BEGIN Input

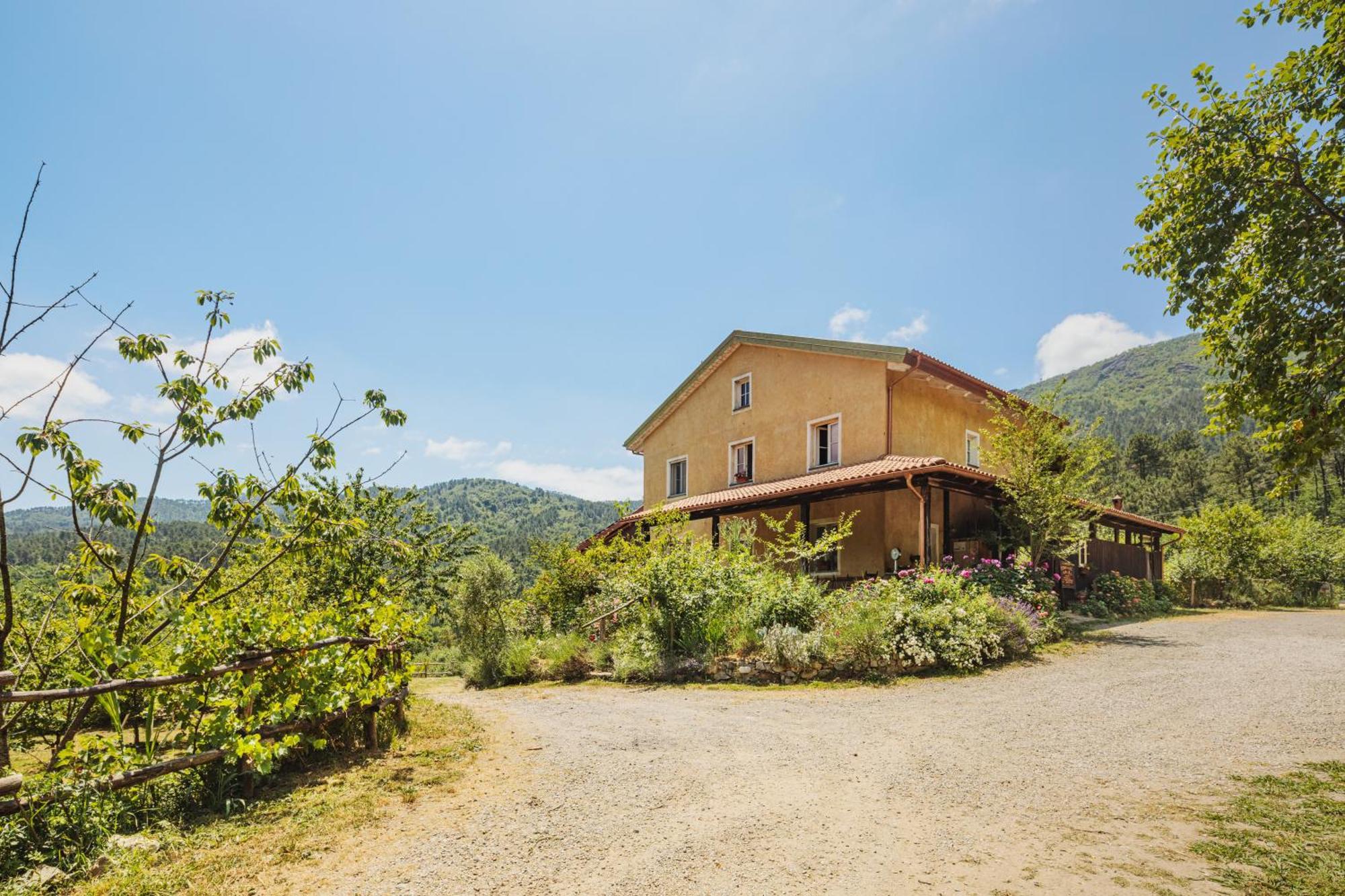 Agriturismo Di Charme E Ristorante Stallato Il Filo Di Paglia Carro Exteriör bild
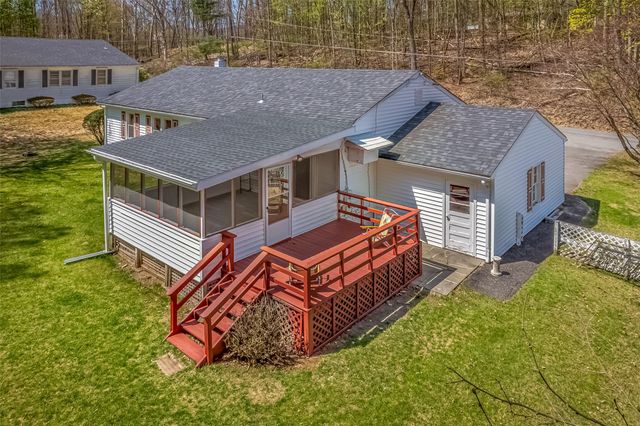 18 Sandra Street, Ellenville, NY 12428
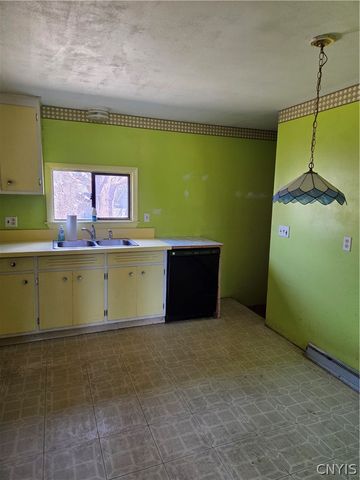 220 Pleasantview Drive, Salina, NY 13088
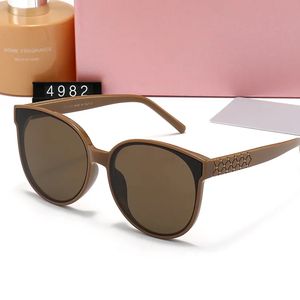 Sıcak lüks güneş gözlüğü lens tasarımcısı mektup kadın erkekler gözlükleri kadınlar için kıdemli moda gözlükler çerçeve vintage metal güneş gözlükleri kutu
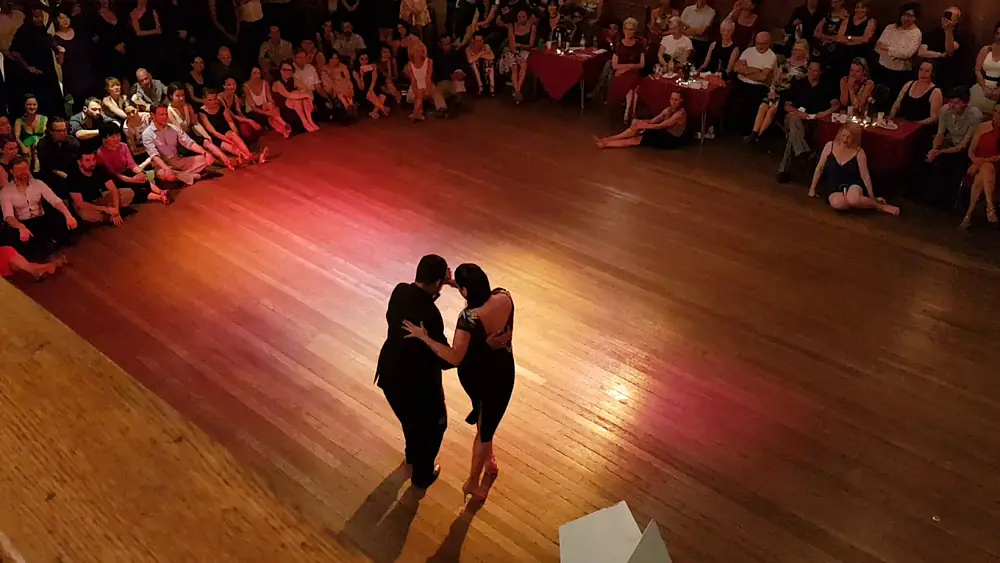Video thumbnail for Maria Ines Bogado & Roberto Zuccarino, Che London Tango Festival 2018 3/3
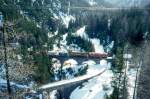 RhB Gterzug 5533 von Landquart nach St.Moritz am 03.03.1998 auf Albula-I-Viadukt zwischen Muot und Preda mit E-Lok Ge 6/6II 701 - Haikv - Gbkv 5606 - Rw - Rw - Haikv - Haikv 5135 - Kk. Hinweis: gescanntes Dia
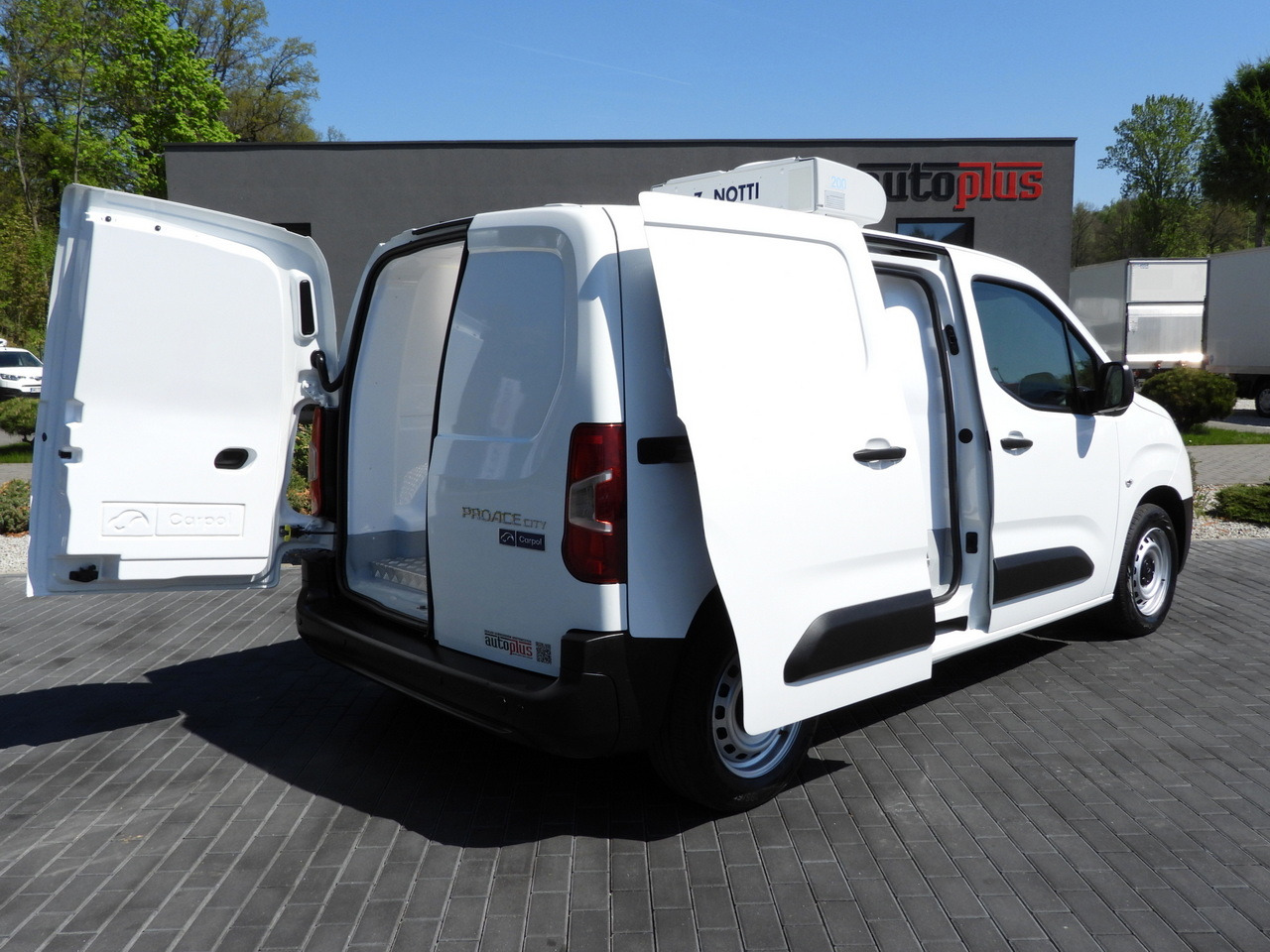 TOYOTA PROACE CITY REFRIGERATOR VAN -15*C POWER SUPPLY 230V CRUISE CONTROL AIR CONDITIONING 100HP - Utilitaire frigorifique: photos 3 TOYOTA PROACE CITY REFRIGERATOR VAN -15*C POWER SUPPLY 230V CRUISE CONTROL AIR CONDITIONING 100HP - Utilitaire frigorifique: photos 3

END Input
BEGIN Input

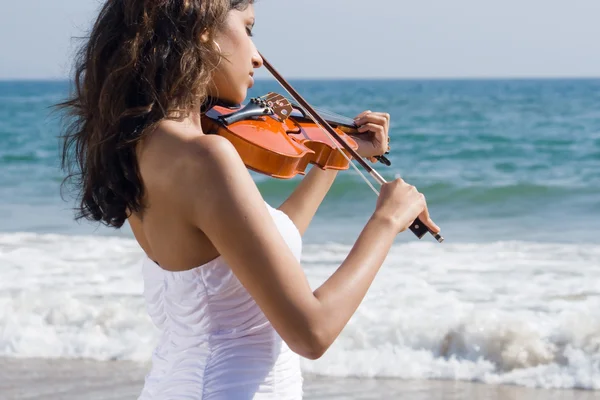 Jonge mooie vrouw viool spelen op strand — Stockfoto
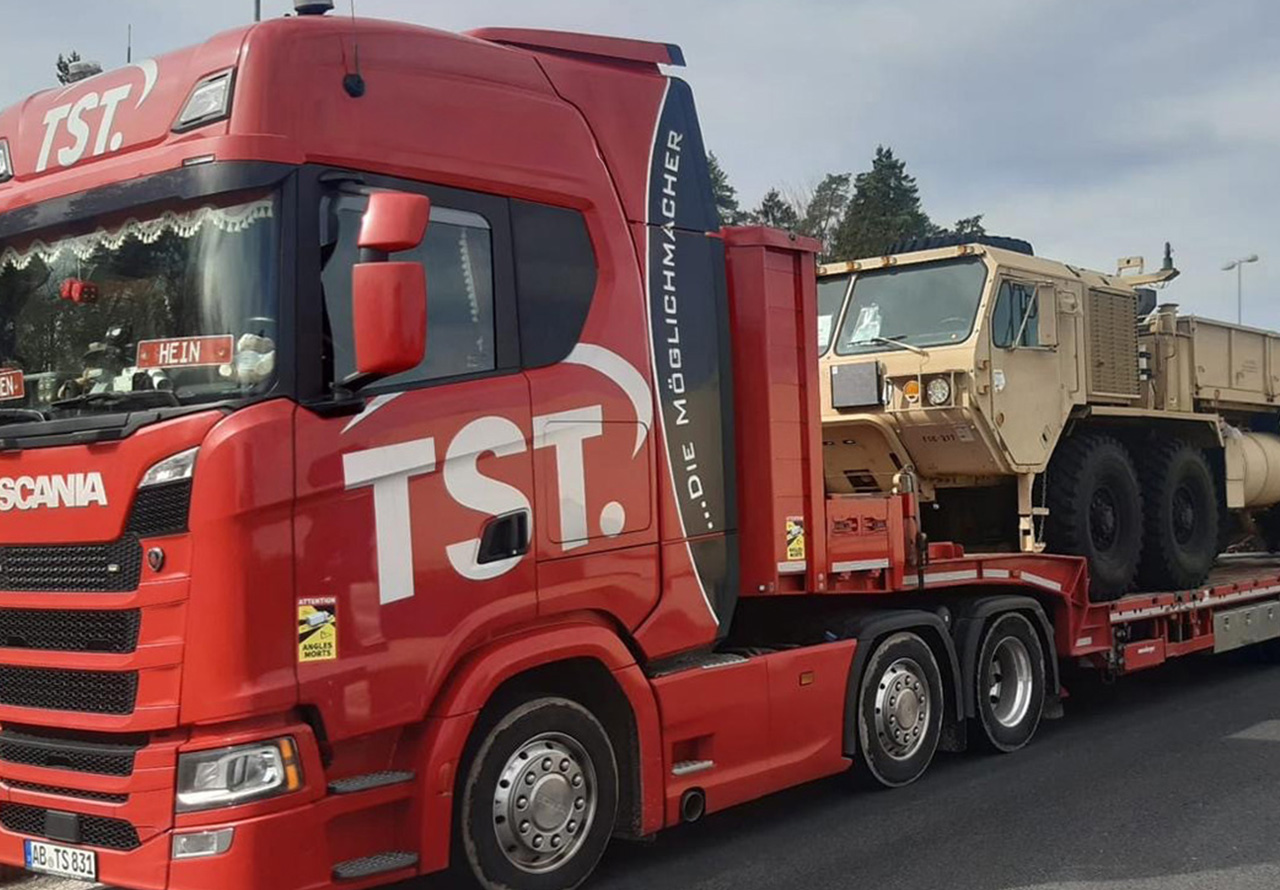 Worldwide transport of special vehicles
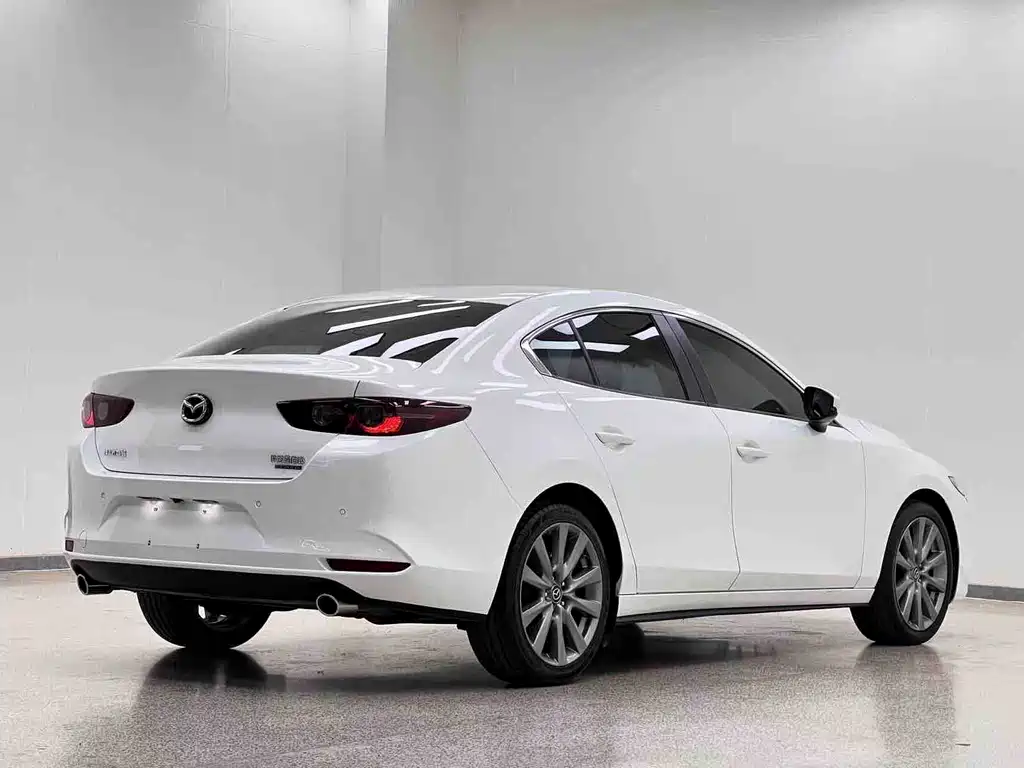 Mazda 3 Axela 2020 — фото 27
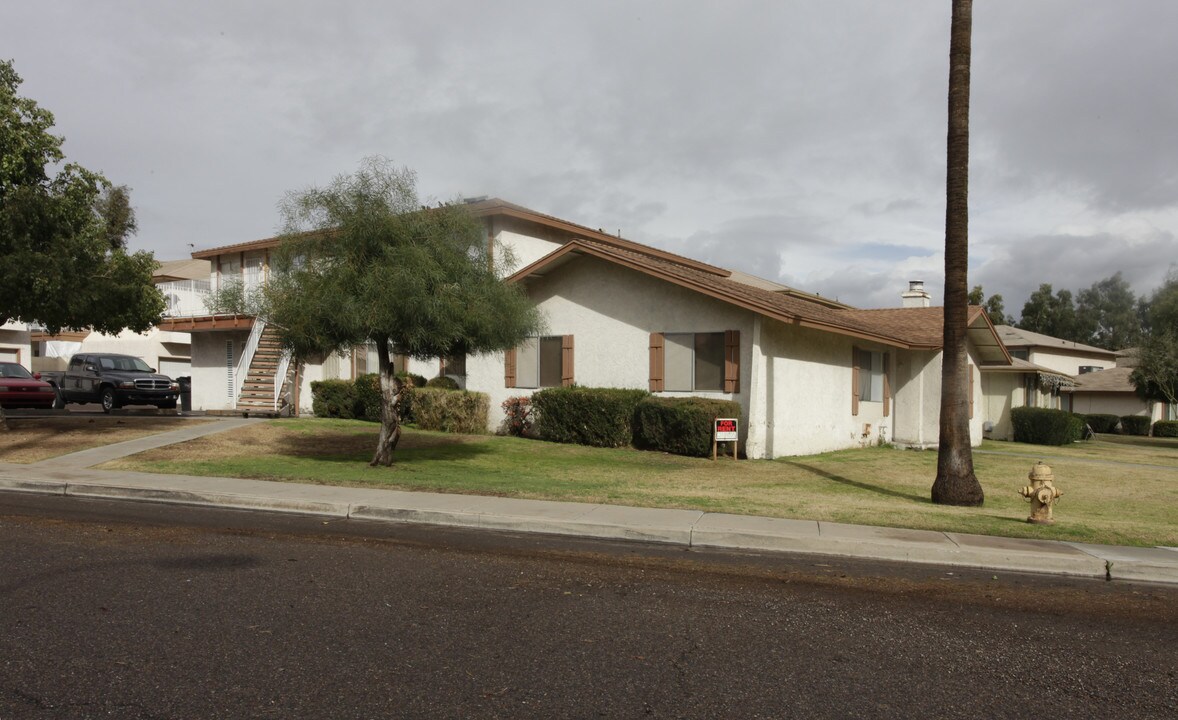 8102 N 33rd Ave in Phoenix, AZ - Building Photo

END Input

*The task*
Only one stretch of the data is wanted: write out exactly the lines from the one holding "Video thumbnail for" through the one holding "photos 3 TOYOTA", both included, without the pictures.

*Your response*
Video thumbnail for Maria Ines Bogado & Roberto Zuccarino, Che London Tango Festival 2018 3/3
 RhB Gterzug 5533 von Landquart nach St.Moritz am 03.03.1998 auf Albula-I-Viadukt zwischen Muot und Preda mit E-Lok Ge 6/6II 701 - Haikv - Gbkv 5606 - Rw - Rw - Haikv - Haikv 5135 - Kk. Hinweis: gescanntes Dia
 TOYOTA PROACE CITY REFRIGERATOR VAN -15*C POWER SUPPLY 230V CRUISE CONTROL AIR CONDITIONING 100HP - Utilitaire frigorifique: photos 3 TOYOTA PROACE CITY REFRIGERATOR VAN -15*C POWER SUPPLY 230V CRUISE CONTROL AIR CONDITIONING 100HP - Utilitaire frigorifique: photos 3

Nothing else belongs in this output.